2. I think the most important, and often understated, point of success for Matt Campbell is where and how he recruits talent. If you go back for decades before Matt Campbell arrived in Ames, we had a poor history in bringing talent to Iowa State. Yes, like any team we got a few big-time players who had the raw talent to play quality college ball and even make an NFL roster. Yet those were few and far between. Couple with this the lack of development in a program and that’s how you get Iowa State football, historically.

The old playbook in Iowa State recruiting was to pick up the kids the other Texas and Florida schools hadn’t picked. Good kids, solid athletes but add in the lack of depth and development and you were in for some long seasons.

Having coached nearly his whole career at smaller Ohio schools, Matt Campbell had learned early to recruit kids that he knew had potential, but may be rough around the edges. He didn’t pick a place on the map to recruit, but he didn’t put blinders on and simply head south for his roster either. He understood that his staff would need to find talent by alternative variables and develop the hell out of them once they arrived. This formula is evidenced by where he is recruiting and the offers his recruits get before choosing the Cyclones.

Many of these programs are Big 10 teams that he is squeezing out in recruiting. To the point, the in-state Hawkeyes offensive coordinator was so upset, he began calling out Campbell as offering too many scholarships. Laughable.
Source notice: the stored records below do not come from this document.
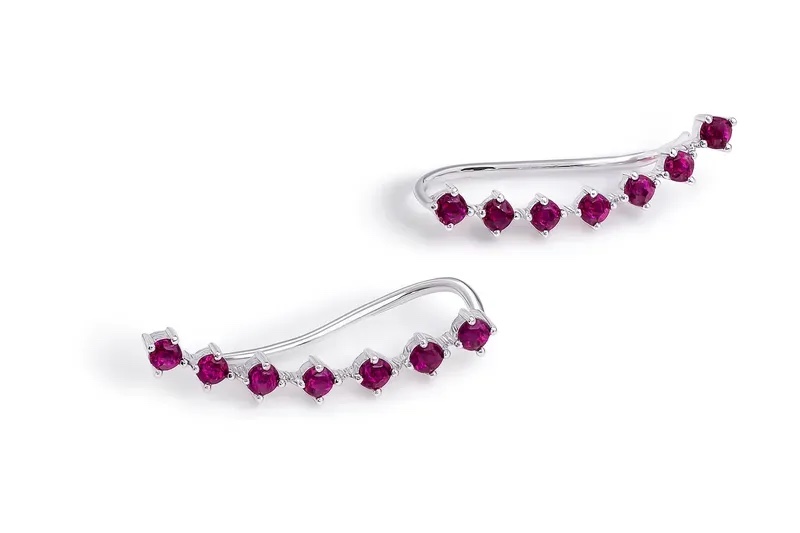 BR2350LR - BRINCO EAR CUFF ZIRC COLOR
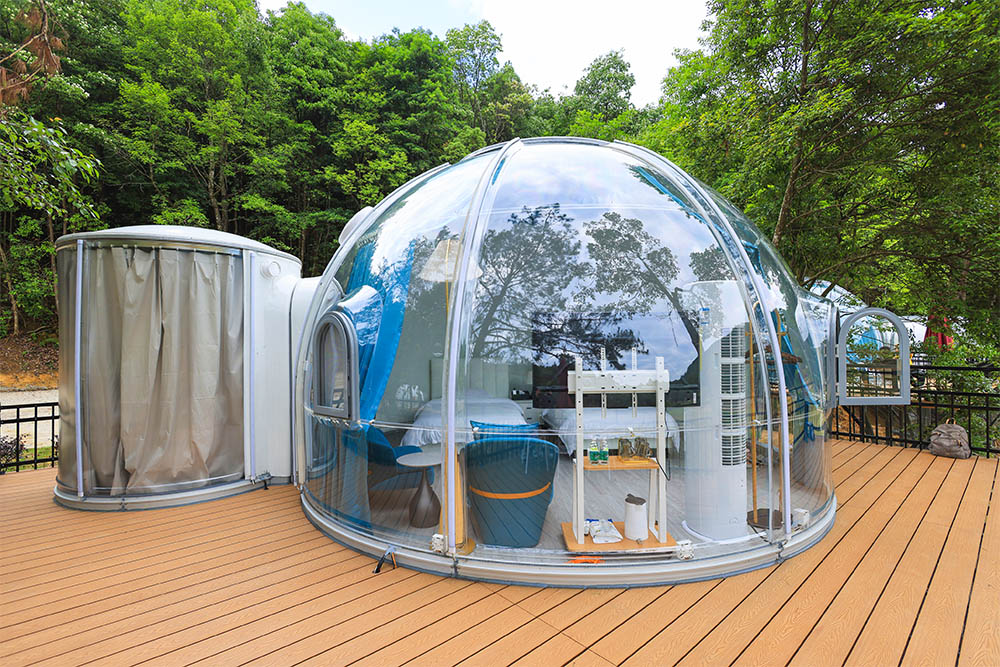 Family Glamping Dome Tent at Conghua Forest Camp (4)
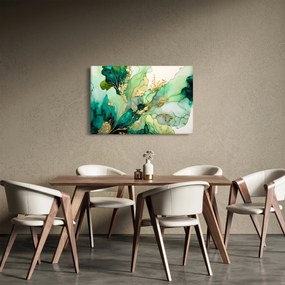 Tablou - Abstractizare verde (90x60 cm)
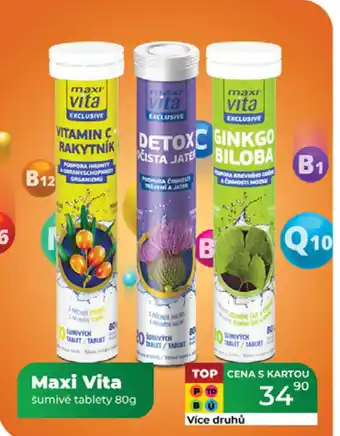 Tamda Foods Maxi Vita šumivé tablety nabídka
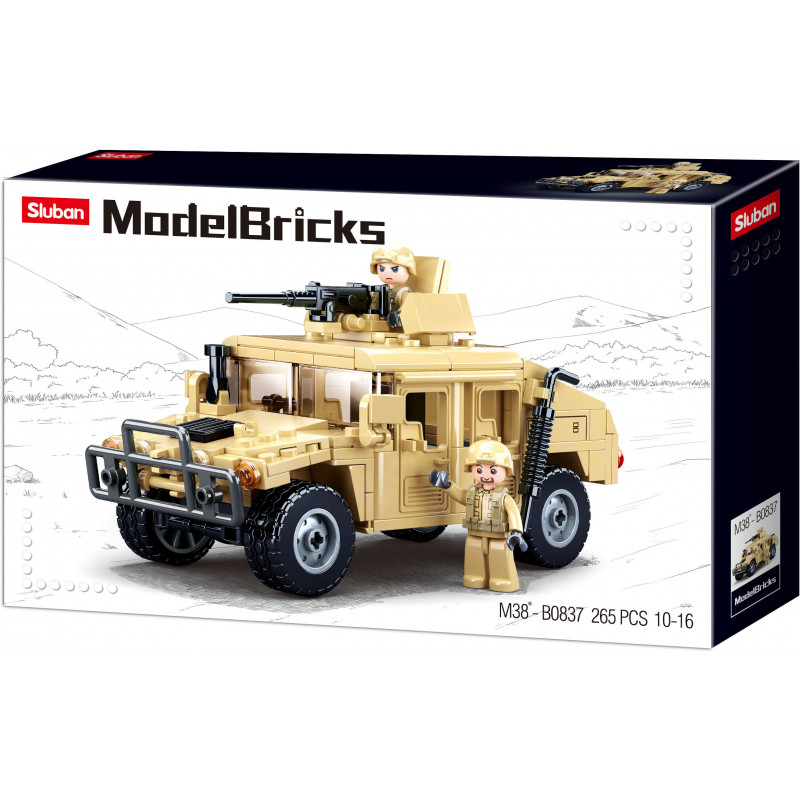 Model Bricks Army - Offroad Assault Vehicle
The other side of this is that in “old days” at Iowa State, if you were good you were on the field. Underweight? No experience in college ball? Too bad because we didn’t have the depth for holding you back and getting you ready to play in the Big 12 – you learned on the fly. Three years later these same players never grew and developed as they should have. They battled injuries and mental fatigue most of the season because they were all we had.

Campbell has done the opposite since coming to Ames. He’s been holding his young talent on the sidelines to first learn, then get physically ready, then earn Campbell’s trust over the season in practice, THEN you may see the field. Brock Purdy, Breece Hall, Will McDonald, to name a few, all were inserted when they were ready, regardless of loses or pressure to play them, Campbell has his own timing, which seems to work to perfection.

3. I could go on, but I will conclude with the final reason I believe Iowa State has gone from cellar to stellar in just five years. I have to say it’s the rabid fan base that accompanied this program through thick and lean years.

Prior to COVID-19, look at the Kansas home crowd for football games and tell me how any player or coach is motivated to play or coach in that program? When he was the head coach at Toledo, Matt Campbell came to Ames (and yeah he won), and said it was a magical atmosphere.

Translated: I saw a historically losing program with rabid fans still packing the Jack because they were hungry for success. It made a big difference when AD Pollard came to pitch Iowa State to him in 2015. Much like how Campbell is good at recruiting players based on potential, he saw a fan base that was ready for the next step as well.

I cannot say these are the main reasons, only that they are some of the reasons Iowa State has built a program that isn’t a flash in the pan for a few years. Iowa State has been built and developed to compete with the Texas’ and Oklahoma’s of the conference from the ground up.

I don’t know how I feel about next week’s Big 12 championship game, that’s for me to pontificate over next week.

But I will say, most of you are in for a shock in the coming years as the blueprint for success at Iowa State has been found, and it works.